At this, I come unstuck inside. All the things I have not allowed myself to feel, I feel now. To be so close to the friend of my heart and not to speak. To breathe the air my friend breathes and not to look into his eyes. All that we have said to each other, all that he has told me and no one else, and all that I know of his Glory, and he of mine, and here we sit in the house of Simon Peter of Capharnaum who did not love me when I was John the Less and who affects not to know me now that I am Mariamne, the castaway daughter of a rich Judaean. I have heard my friend ask a woman if she is possessed by a demon, and only I of all who know Yeshu know that he knows there are no demons. Yet he will act the role of
gazer;
he will be an exorcist. For as he has said, the people make a demon of their illnesses, and of their troubles, so that they might have a thing to blame. If they believe a thing, it is as magic. Which means if they think a thing is in them, then it is in them. And if they think a thing cast out, cast out it will be. Only I know this is what is in his mind.

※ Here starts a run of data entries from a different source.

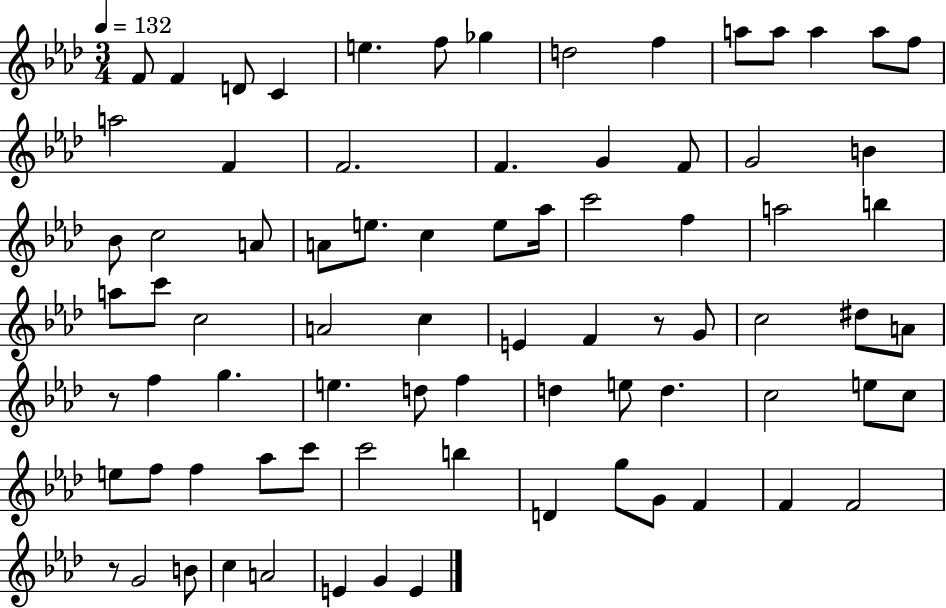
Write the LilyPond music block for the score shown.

{
  \clef treble
  \numericTimeSignature
  \time 3/4
  \key aes \major
  \tempo 4 = 132
  f'8 f'4 d'8 c'4 | e''4. f''8 ges''4 | d''2 f''4 | a''8 a''8 a''4 a''8 f''8 | \break a''2 f'4 | f'2. | f'4. g'4 f'8 | g'2 b'4 | \break bes'8 c''2 a'8 | a'8 e''8. c''4 e''8 aes''16 | c'''2 f''4 | a''2 b''4 | \break a''8 c'''8 c''2 | a'2 c''4 | e'4 f'4 r8 g'8 | c''2 dis''8 a'8 | \break r8 f''4 g''4. | e''4. d''8 f''4 | d''4 e''8 d''4. | c''2 e''8 c''8 | \break e''8 f''8 f''4 aes''8 c'''8 | c'''2 b''4 | d'4 g''8 g'8 f'4 | f'4 f'2 | \break r8 g'2 b'8 | c''4 a'2 | e'4 g'4 e'4 | \bar "|."
} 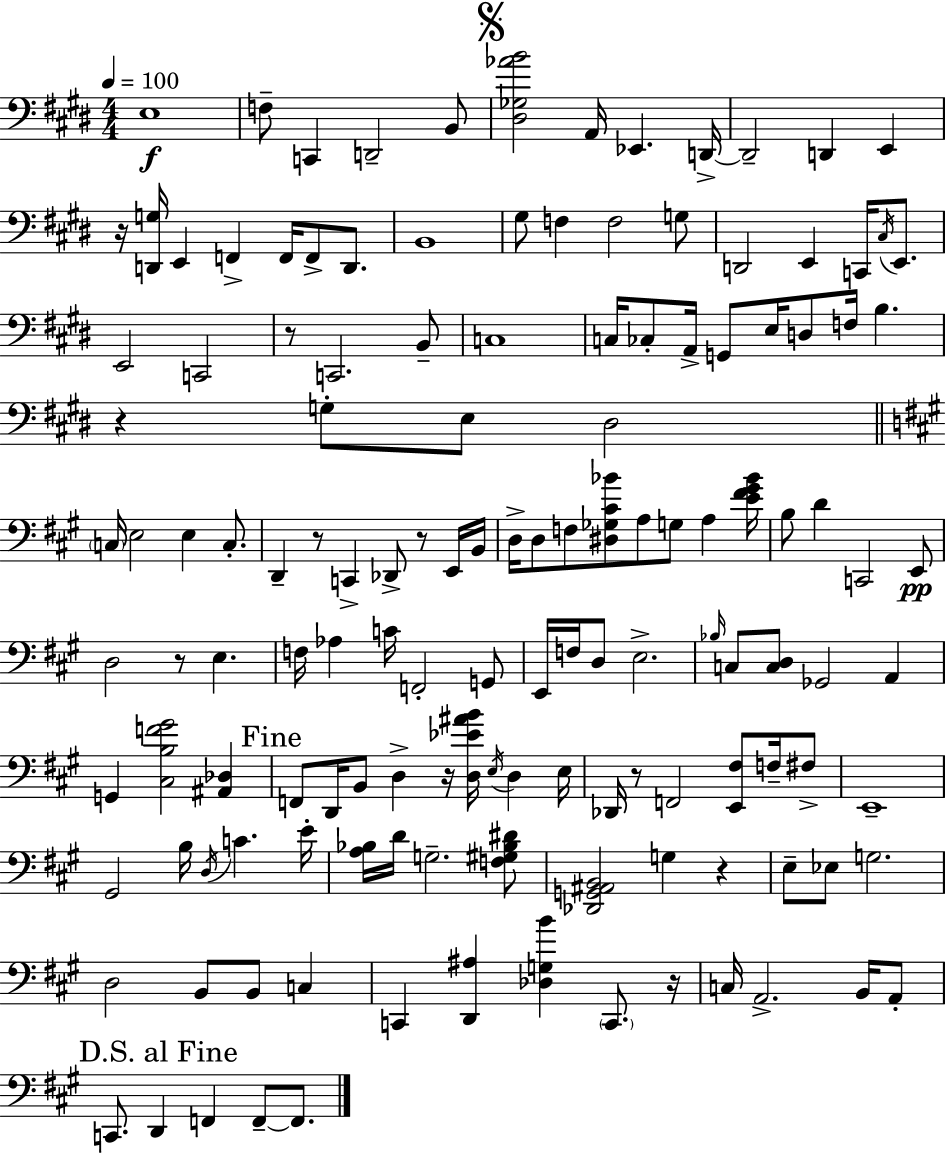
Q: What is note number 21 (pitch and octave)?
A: G3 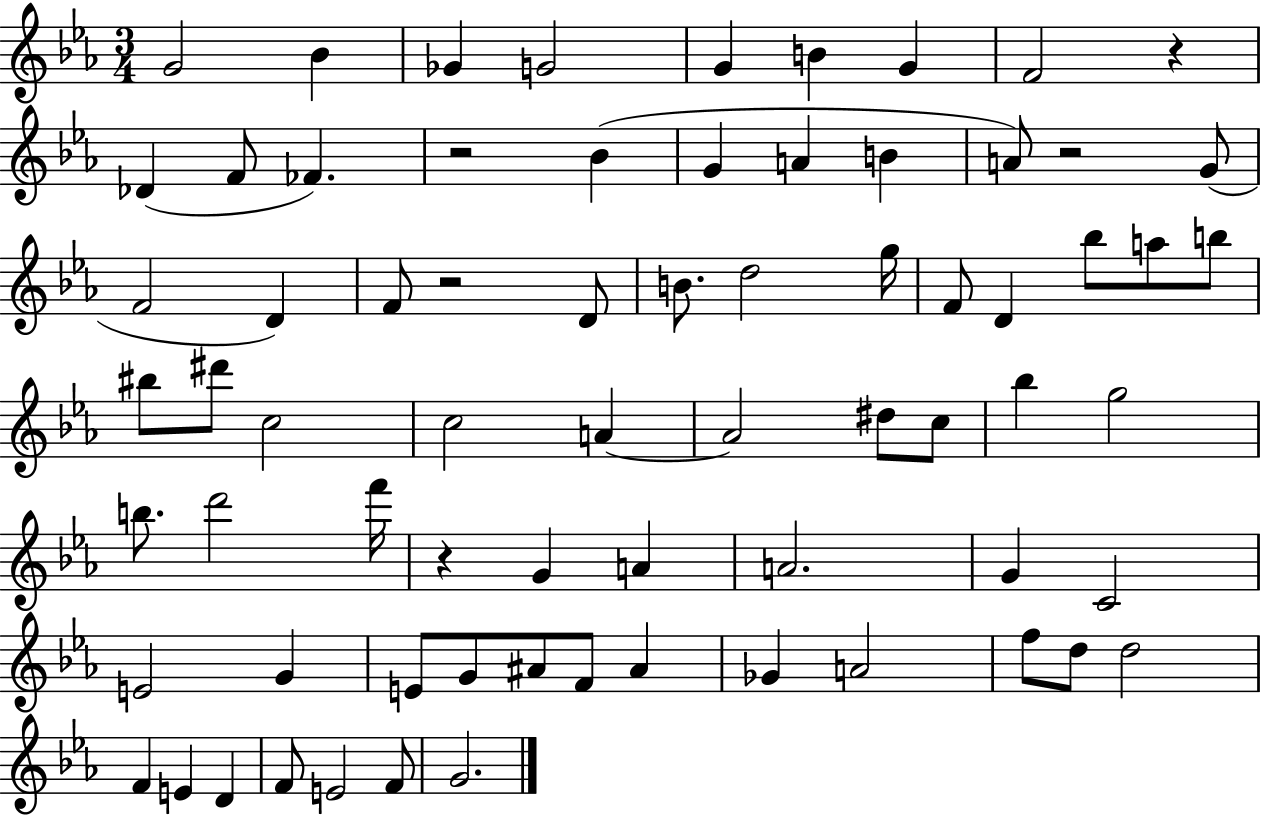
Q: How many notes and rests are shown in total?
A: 71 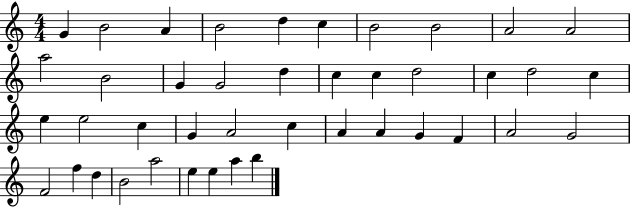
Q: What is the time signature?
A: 4/4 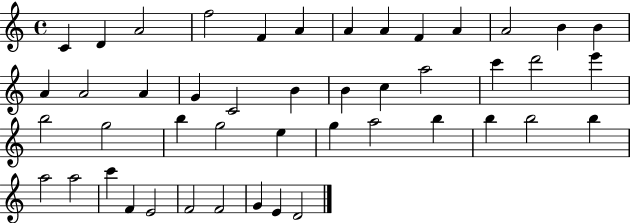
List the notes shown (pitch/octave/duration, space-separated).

C4/q D4/q A4/h F5/h F4/q A4/q A4/q A4/q F4/q A4/q A4/h B4/q B4/q A4/q A4/h A4/q G4/q C4/h B4/q B4/q C5/q A5/h C6/q D6/h E6/q B5/h G5/h B5/q G5/h E5/q G5/q A5/h B5/q B5/q B5/h B5/q A5/h A5/h C6/q F4/q E4/h F4/h F4/h G4/q E4/q D4/h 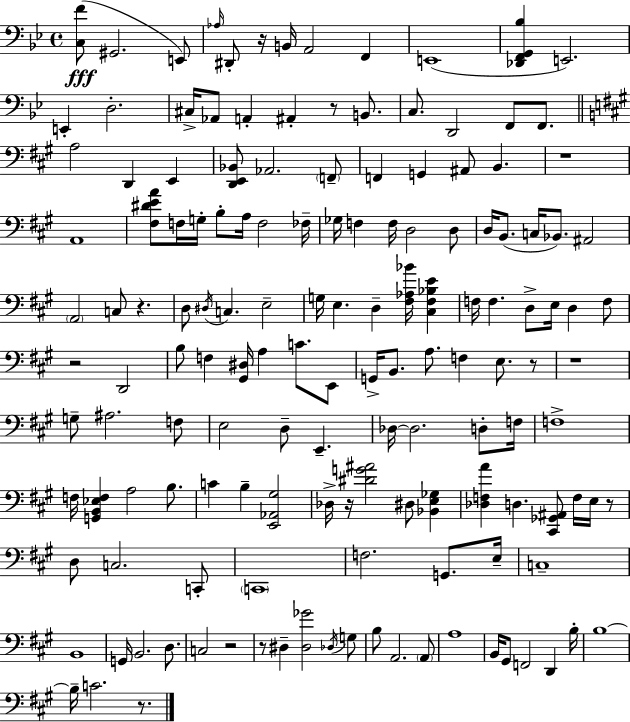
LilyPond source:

{
  \clef bass
  \time 4/4
  \defaultTimeSignature
  \key bes \major
  <c f'>8(\fff gis,2. e,8) | \grace { aes16 } dis,8-. r16 b,16 a,2 f,4 | e,1( | <des, f, g, bes>4 e,2.) | \break e,4-. d2.-. | cis16-> aes,8 a,4-. ais,4-. r8 b,8. | c8. d,2 f,8 f,8. | \bar "||" \break \key a \major a2 d,4 e,4 | <d, e, bes,>8 aes,2. \parenthesize f,8-- | f,4 g,4 ais,8 b,4. | r1 | \break a,1 | <fis dis' e' a'>8 f16 g16-. b8-. a16 f2 fes16-- | ges16 f4 f16 d2 d8 | d16 b,8.( c16 bes,8.) ais,2 | \break \parenthesize a,2 c8 r4. | d8 \acciaccatura { dis16 } c4. e2-- | g16 e4. d4-- <fis aes bes'>16 <cis fis bes e'>4 | f16 f4. d8-> e16 d4 f8 | \break r2 d,2 | b8 f4 <gis, dis>16 a4 c'8. e,8 | g,16-> b,8. a8. f4 e8. r8 | r1 | \break g8-- ais2. f8 | e2 d8-- e,4.-- | des16~~ des2. d8-. | f16 f1-> | \break f16 <g, b, ees f>4 a2 b8. | c'4 b4-- <e, aes, gis>2 | des16-> r16 <dis' g' ais'>2 dis8 <bes, e ges>4 | <des f a'>4 d4. <cis, ges, ais,>8 f16 e16 r8 | \break d8 c2. c,8-. | \parenthesize c,1 | f2. g,8. | e16-- c1-- | \break b,1 | g,16 b,2. d8. | c2 r2 | r8 dis4-- <dis ges'>2 \acciaccatura { des16 } | \break g8 b8 a,2. | \parenthesize a,8 a1 | b,16 gis,8 f,2 d,4 | b16-. b1~~ | \break b16-- c'2. r8. | \bar "|."
}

Sarah, the mother-in-law of Simon Peter, struggles to sit up. So eager is she to know her demon so that it might be blamed for what she endures, she would sit up in her bed, not lie. I place a firm hand on her back to help her, as does her daughter. Together, we cradle Sarah until she can hold herself. “Oh, yes, Master,” she cries as she struggles, “I am sure I am possessed of a demon. He tears at me.” So saying, she points at her belly and at her heart.
“What is its name?”
“Its name?”
“By what name would it be called so that we may demand it go away?”
“Ah!” Sarah brightens so visibly, even Peter who is scowling in the doorway is astonished. “I do not know its name. Do you?”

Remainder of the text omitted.